Description of the site, on Roborough Down next to the Plymouth - Yelverton road (A386):

Early Iron Age Camp.

The camp is formed of circular earthworks; there is no evidence of any stone being used. The outer bank is 100 yards in diameter, the smaller one, or Keep, 100 feet across. To the south the inner bank is still further protected by a sickle-shaped breastwork or agger. The camp is approached by two embanked ways, one from the main road, the other going north east from the camp, crossing both the Buckland road and the main Plymouth-Tavistock road, and can be traced to the south-eastern end of the golf links. The inner bank has been heavily planted with hawthorns and may well have been used as a pound for stray animals. There is also a small secondary earthwork, 50 feet in diameter, across the road opposite the banked trench, and a long embankment. The camp was almost certainly used as a beacon; on Spry's 16th century map of Plymouth Leat it is marked as Rowben Beacon.

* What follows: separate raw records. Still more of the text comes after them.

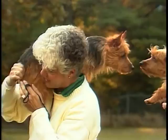The Australian Terrier's friendly and affectionate disposition makes him a wonderful companion and friend.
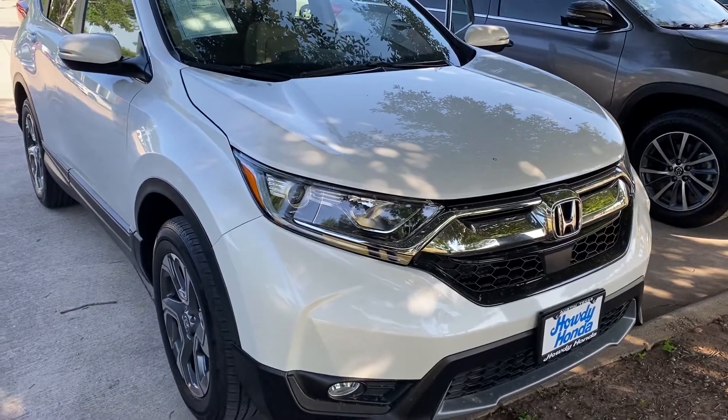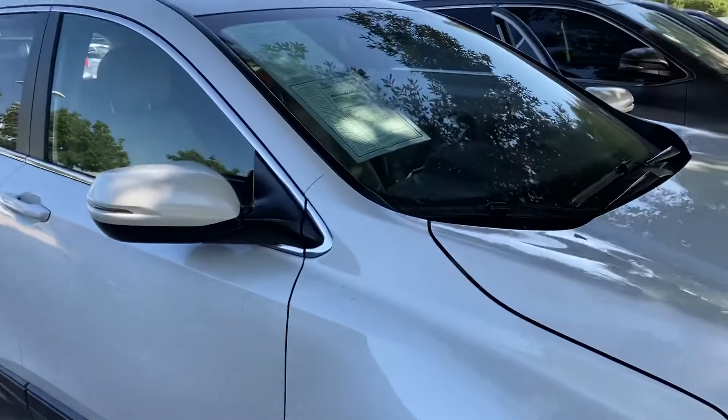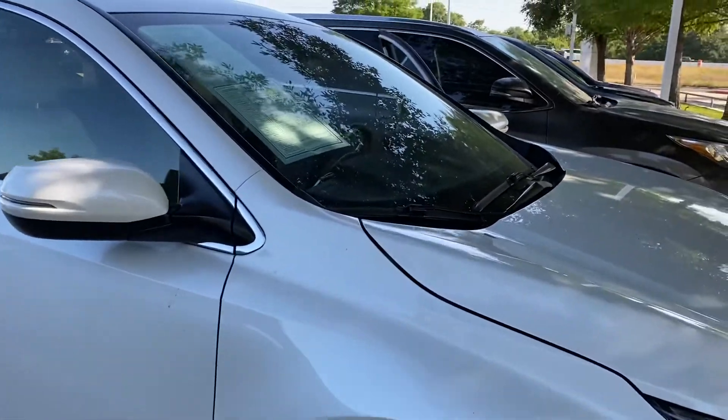Good morning, this is Rocky with Howdy Honda showing the 2017 Honda CR-V EXL with 18,000 miles.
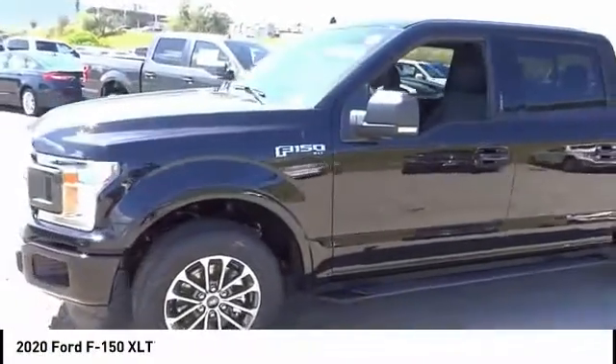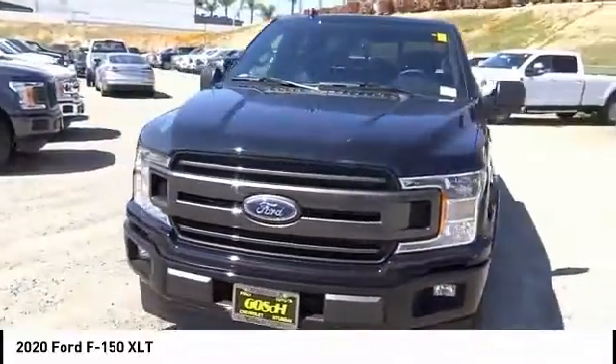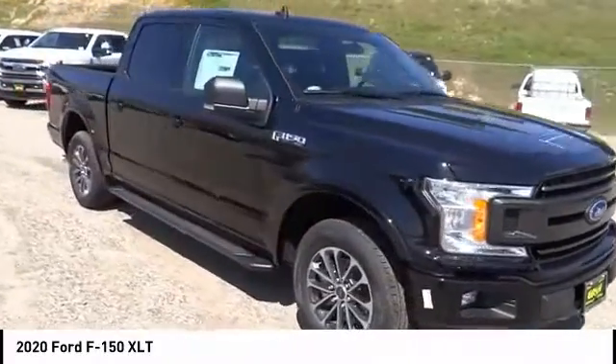You are going to love the 2020 F-150. A Ford F-150 knows how to handle any situation. It's built to follow orders. No whining.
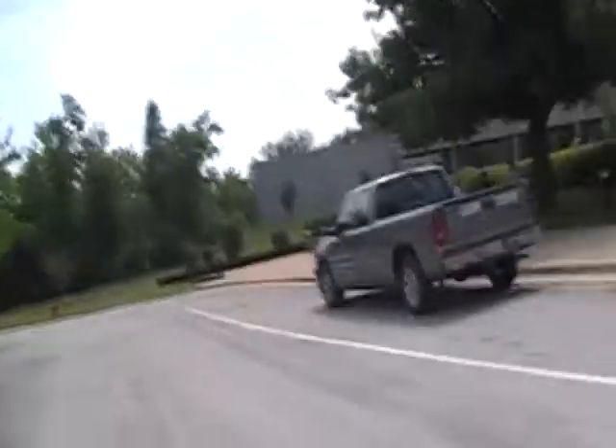Yeah, I just need the address, that's all I need. We'll type it in the GPS and we'll go from there. Oh, I see right there, right? Yeah, you drive down through there.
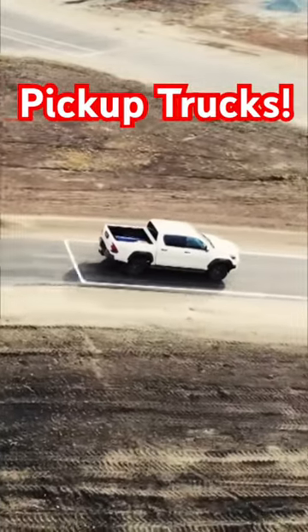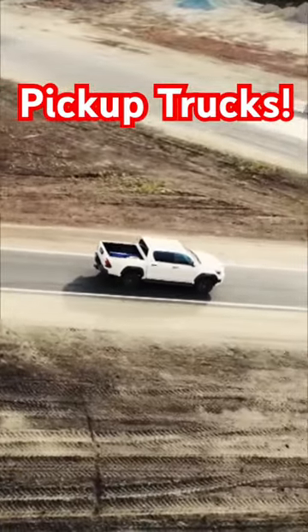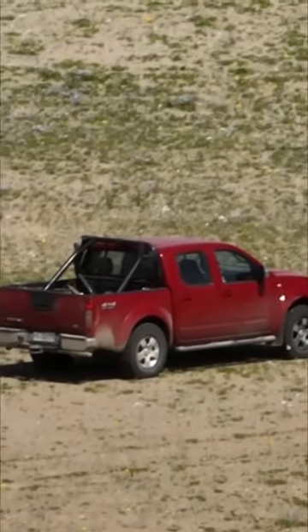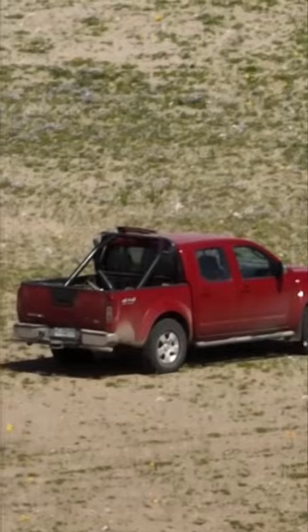Pickup trucks. There is so much work you can do with a pickup truck. You can fill the back with dirt, rocks, or boxes. You can haul trailers, boats, and campers, and a pickup can drive you to the job site.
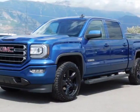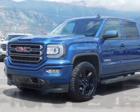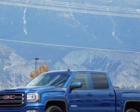Check out this 2018 GMC Sierra 1500. For your protection, a warranty is available for this vehicle.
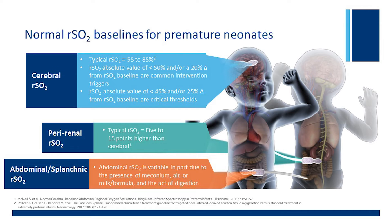The NIRS monitor can be used at a single site, but you can use it at up to four different sites simultaneously. In Louisville, we have often used four sites on older babies, monitoring both left and right cerebral beds as well as mesenteric and renal beds at the same time, and the monitor itself supports all of that.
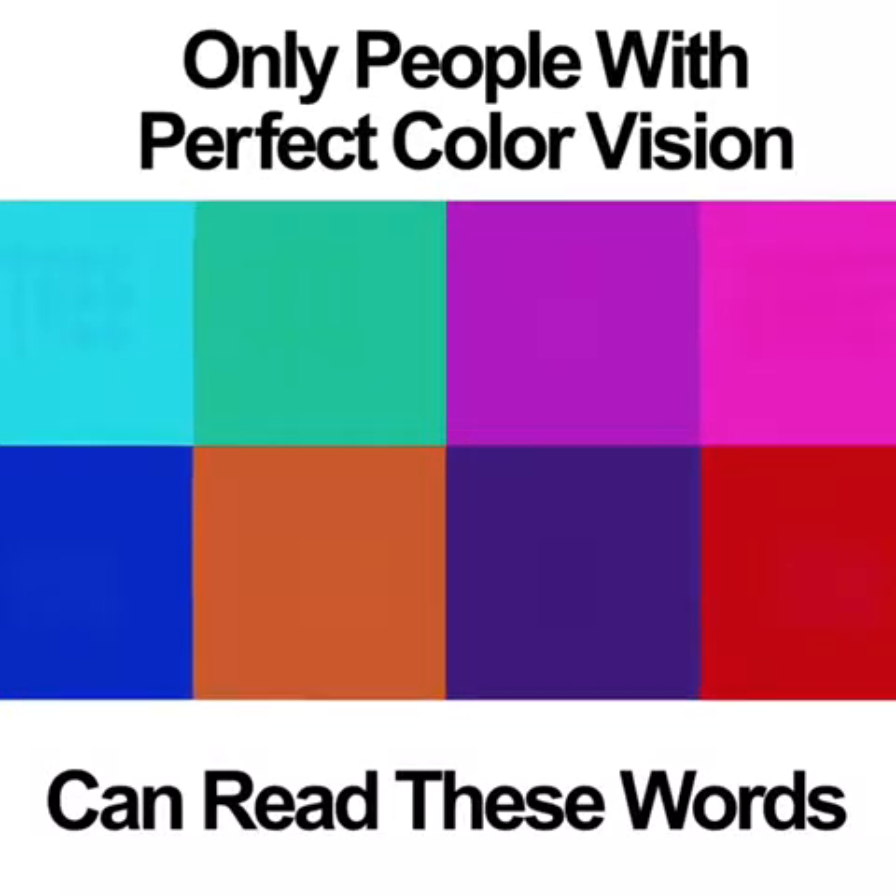Only people with perfect color vision will be able to see these eight words.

The air photograph shows Saunders' map to be conventionalised. The inner enclosure, "The Keep", is not concentric with the outer rampart but lies to the east of its centre : within it appears to be two small circular enclosures with a rectangular enclosure against their north west sides. The "breastwork" appears to be earlier than the outer rampart and to have extended, formerly, to the west where there is a trace of a low bank. The "embanked trench" does not appear to extend beyond the road at SX 50676421.